Slumgullion under way.
Right: Macaroni a-cooking. Left: Slumgullion under way.

If you have a can of tomato sauce, a little hamburger, some frozen, canned or leftover veggies, and some pasta, rice, or potatoes hanging around the house, you can make your own slumgullion without the “help” of a megacorporation. It may not be cheaper (I don’t buy a lot of processed foodoids and so don’t know the price of Hamburger Helper), but you can bet it will taste better. And you’ll know pretty much what’s in it.

Slumgullion is mighty forgiving.

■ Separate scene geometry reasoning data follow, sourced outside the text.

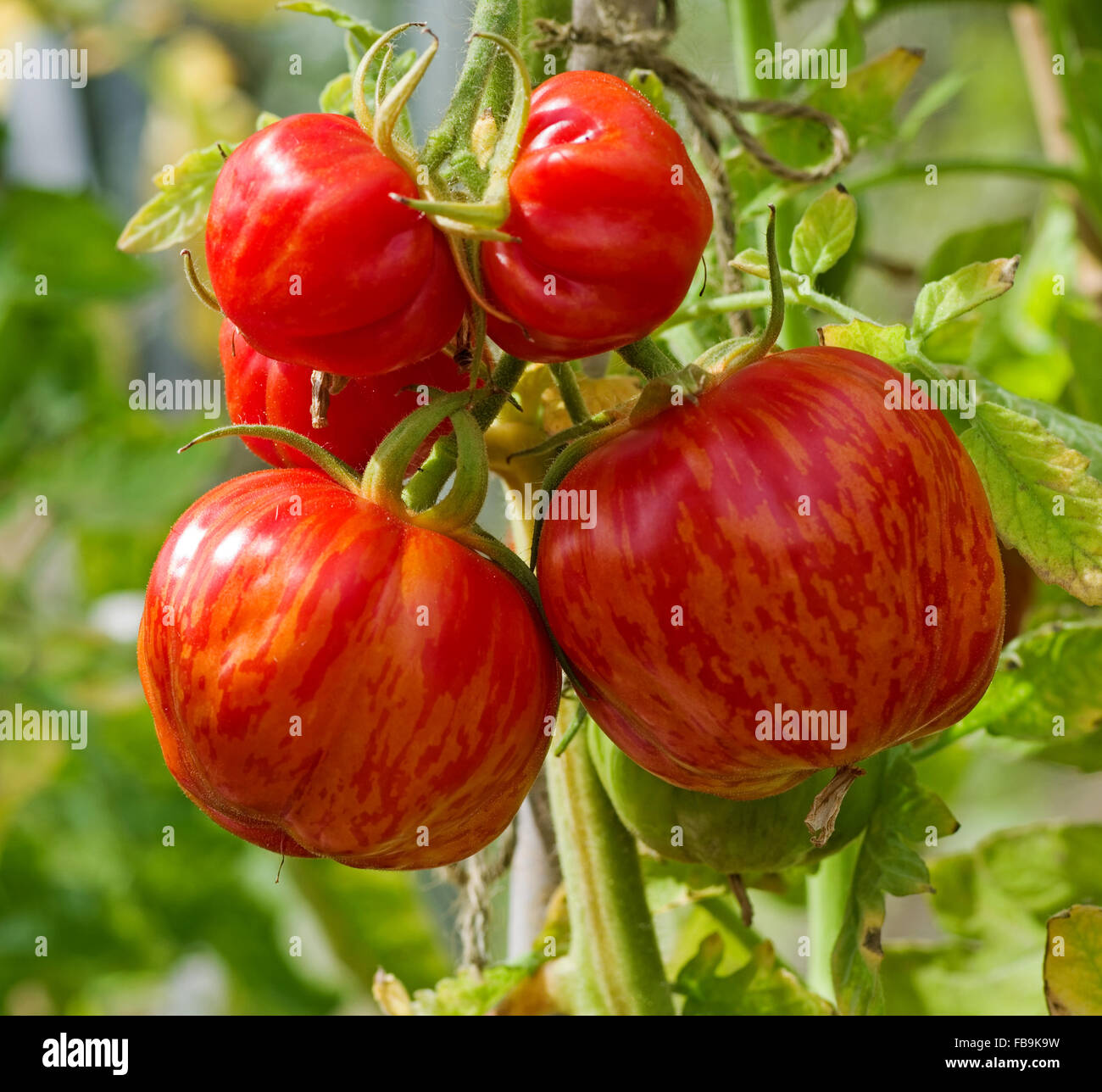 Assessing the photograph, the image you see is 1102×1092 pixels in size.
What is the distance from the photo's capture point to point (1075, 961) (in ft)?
1.96

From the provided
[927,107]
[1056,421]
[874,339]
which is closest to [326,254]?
[874,339]

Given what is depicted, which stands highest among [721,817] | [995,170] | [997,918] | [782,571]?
[995,170]

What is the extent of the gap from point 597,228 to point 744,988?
47 centimetres

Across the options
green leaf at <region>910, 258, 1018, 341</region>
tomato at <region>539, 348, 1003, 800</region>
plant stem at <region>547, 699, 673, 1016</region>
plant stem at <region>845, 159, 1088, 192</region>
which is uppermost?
plant stem at <region>845, 159, 1088, 192</region>

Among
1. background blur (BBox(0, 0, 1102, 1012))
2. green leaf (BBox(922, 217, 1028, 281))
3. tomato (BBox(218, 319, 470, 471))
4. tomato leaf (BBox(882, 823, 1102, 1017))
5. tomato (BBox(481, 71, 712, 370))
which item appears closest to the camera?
tomato (BBox(481, 71, 712, 370))

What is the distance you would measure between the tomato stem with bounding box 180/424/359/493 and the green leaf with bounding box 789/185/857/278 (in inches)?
9.0

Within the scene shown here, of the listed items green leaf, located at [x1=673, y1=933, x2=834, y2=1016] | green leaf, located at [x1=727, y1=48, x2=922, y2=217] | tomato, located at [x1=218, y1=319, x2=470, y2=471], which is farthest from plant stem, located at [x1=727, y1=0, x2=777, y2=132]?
green leaf, located at [x1=673, y1=933, x2=834, y2=1016]

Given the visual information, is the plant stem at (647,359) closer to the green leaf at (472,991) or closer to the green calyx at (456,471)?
the green calyx at (456,471)

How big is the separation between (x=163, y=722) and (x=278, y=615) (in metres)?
0.08

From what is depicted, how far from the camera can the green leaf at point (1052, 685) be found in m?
0.71

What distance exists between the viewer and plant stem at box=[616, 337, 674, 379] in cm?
47

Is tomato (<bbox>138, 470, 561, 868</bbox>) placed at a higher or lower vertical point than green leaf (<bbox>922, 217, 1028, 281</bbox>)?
lower

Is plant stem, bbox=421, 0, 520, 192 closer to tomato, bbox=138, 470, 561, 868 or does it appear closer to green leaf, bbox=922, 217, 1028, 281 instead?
tomato, bbox=138, 470, 561, 868

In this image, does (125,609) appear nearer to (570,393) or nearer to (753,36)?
(753,36) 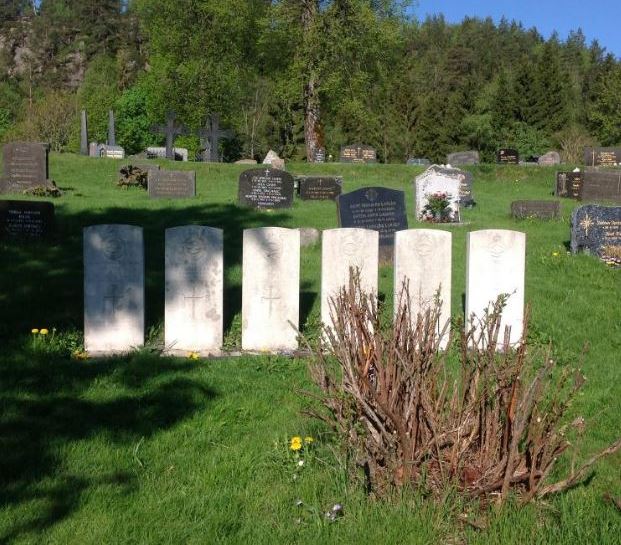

You can whip it up with as many or as few ingredients as you have at hand, assuming you have some hamburger and something to flavor it up with. I happen to favor tomato sauce or canned tomatoes, but leftover gravy, milk, or wine will do the job. The other day I found chuck roast on sale at the Safeway for $1.27 a pound. I bought a humungous chunk of meat and had the butcher convert it to hamburger (which happened to be selling for $2.27 a pound that day). Most of this was dogburger: intended to be fed to Cassie the Corgi. However, I can’t resist good hamburger, and fresh-ground from a single roast can’t be beat.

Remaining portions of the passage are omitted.